## Supplied material
* * * *

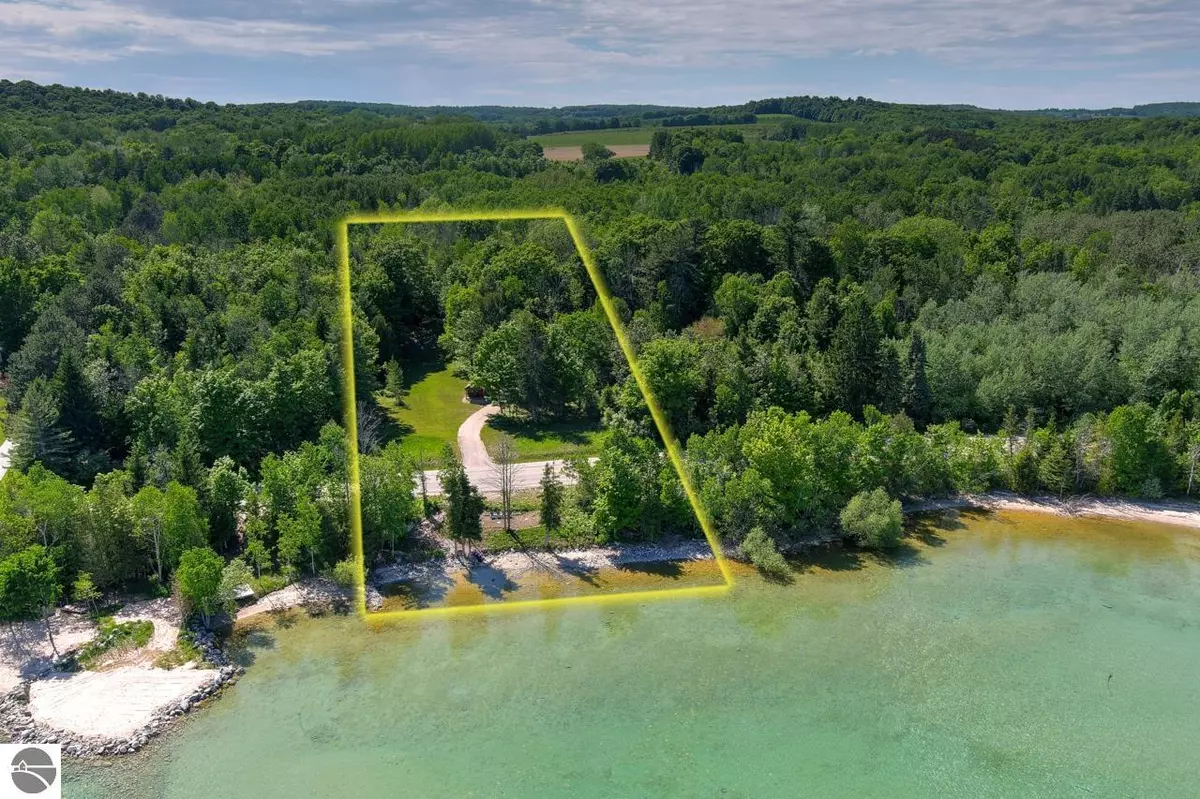 Suttons Bay, MI 49682,4133 N Bayshore Drive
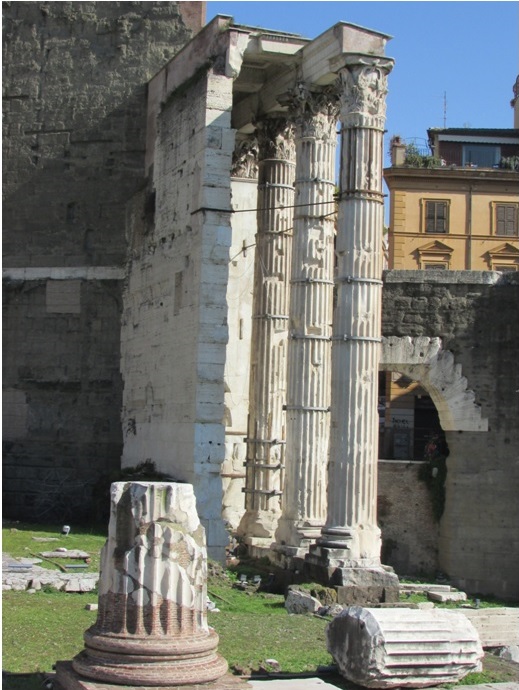 Fórum de Augusto. Colunas do Templo de Marte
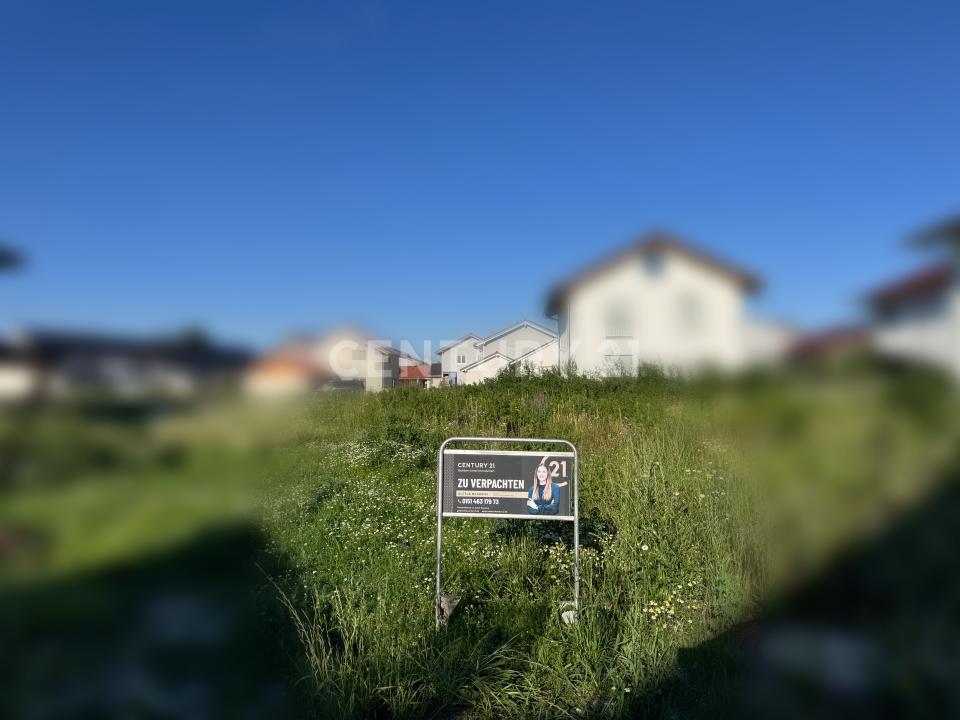 Nußdorferstr. 8, Traunreut, Bayern 83301, Alemania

* * * *

## Task brief
Each line of the listing must be restated word for word, and the pictures left out.

## Answer area
 Suttons Bay, MI 49682,4133 N Bayshore Drive
 Fórum de Augusto. Colunas do Templo de Marte
 Nußdorferstr. 8, Traunreut, Bayern 83301, Alemania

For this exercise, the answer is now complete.